O alambique do Vô Zeca
Cachaça artesanal produzida pela quarta geração da família Souza simboliza a resistência de um estilo de vida secular junto à cachoeira do Macacu
Não faz muito, um homem de negócios estacionou seu carro na rua íngreme de chão batido em frente ao Engenho de Farinha e Alambique Vô Zeca.
O executivo acabara de cruzar a estrada poeirenta que liga as dunas do Siriú à Cachoeira do Macacu, na zona rural de Garopaba, litoral sul de Santa Catarina. Estava ali para apresentar uma proposta tentadora: exportar para os principais mercados do mundo a cachaça produzida de forma artesanal há quatro gerações pela família de José Constâncio de Souza, o Vô Zeca, de 90 anos.

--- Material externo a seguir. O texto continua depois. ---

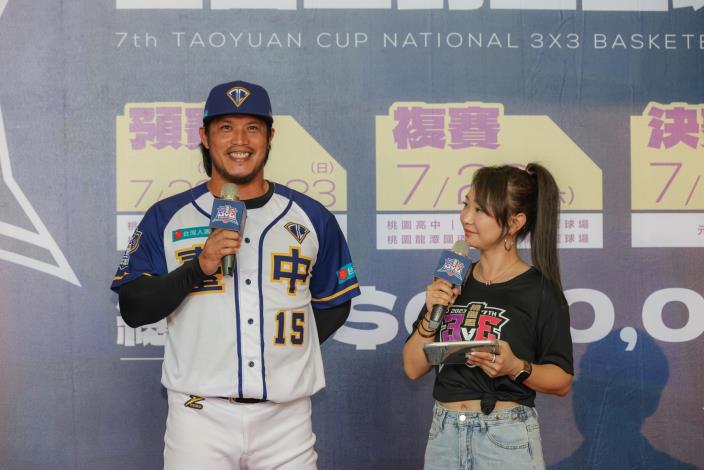 本次特邀台中成棒隊球星陽耀勳共襄盛舉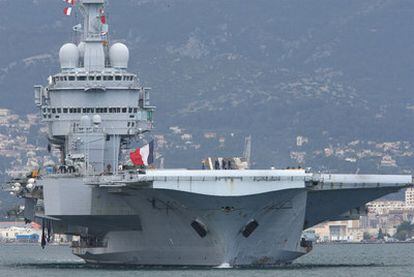 El portaaviones francés <i>Charles de Gaulle</i> deja el puerto de Tolón.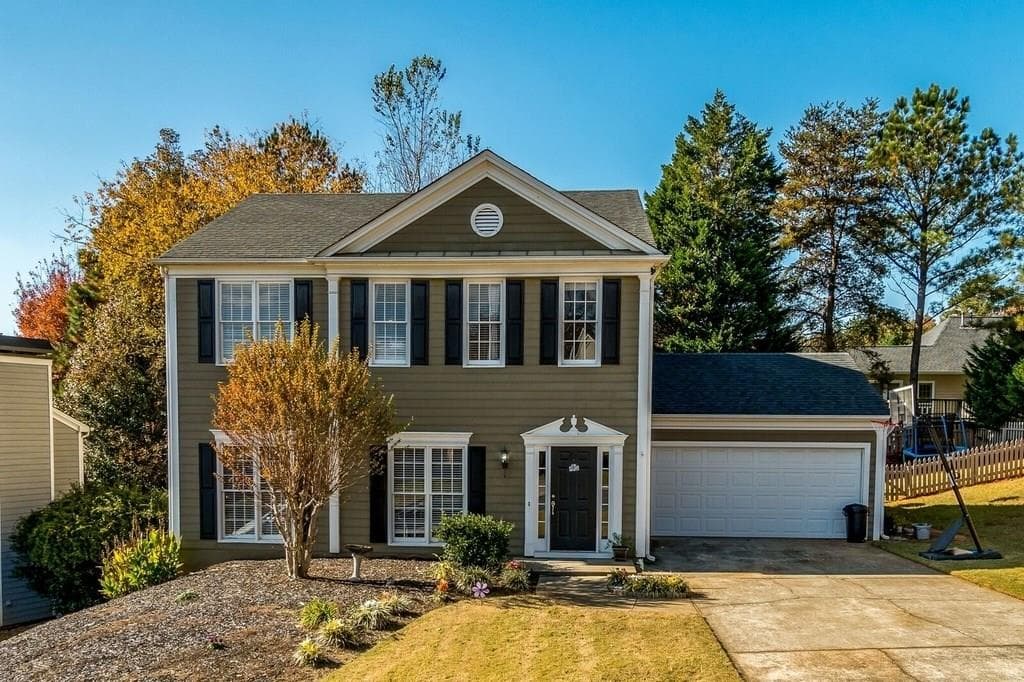 3 bedroom, 2,001 sq ft single family residence sold at 2363 Lake Villas Court, Duluth, GA 30097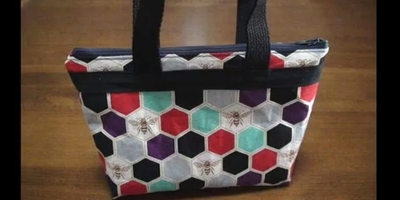 bee motif tote bag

Quem recebeu o rapaz foi Joaquim, o Biluca, o mais velho dos filhos do proprietário do alambique – no total, são quatro homens e duas mulheres, além do sobrinho criado por Zeca desde os cinco meses de idade.
Com a voz mansa, a mesma com que recebe diariamente turistas vindos não só de outras regiões do Brasil, mas também das Américas do Sul e do Norte e da Europa, para comprar ou simplesmente degustar a aguardente, Biluca recusou a oferta.
– Ia dar um dinheirinho, mas aí você não ia vir aqui e não estaríamos conversando agora, explica o primogênito de Zeca ao repórter.
Antes, quem mostrava aos visitantes, passo a passo, o processo de fabricação da cachaça era a esposa de Zeca, dona Nézia, que foi vítima de um AVC em maio do ano passado. Se estivesse viva, ela teria completado 82 anos no último dia 24 de fevereiro.
Muito ativa e determinada, Nézia tinha uma memória privilegiada – quando morreu, uma vizinha ainda comentou:
– Lá se foi o computador da comunidade.
Outra virtude de Nézia era a facilidade com que se comunicava com todos ao seu redor, sempre de forma simples e direta. O gosto pela prosa ela transmitiu aos filhos, como relata Biluca:
– A gente não tem vergonha de falar o que sabe e o que sente, e é assim que tem que ser, diz ele.
Mas não foi só o receio de perder a oportunidade de jogar conversa fora com os clientes que visitam o alambique o motivo pelo qual a família Souza não aceitou a proposta de exportação da cachaça.
Mais que isso, foi a percepção intuitiva de que sujeitar-se a um ritmo de produção industrial poderia comprometer não só a qualidade artesanal da pinga, mas principalmente um estilo de vida secular, cujo alicerce é feito de paz e sossego.
– Tu não queres?, indagou o executivo, incrédulo, assim que ouviu a recusa.
– Não quero, ganhei dinheiro até agora de outro jeito e assim está muito bom, respondeu Biluca.
Em seguida, o filho de Zeca se aproximou do homem e cochichou em seu ouvido:
– Sabes o que eu quero? É deitar a cabeça no travesseiro e dormir.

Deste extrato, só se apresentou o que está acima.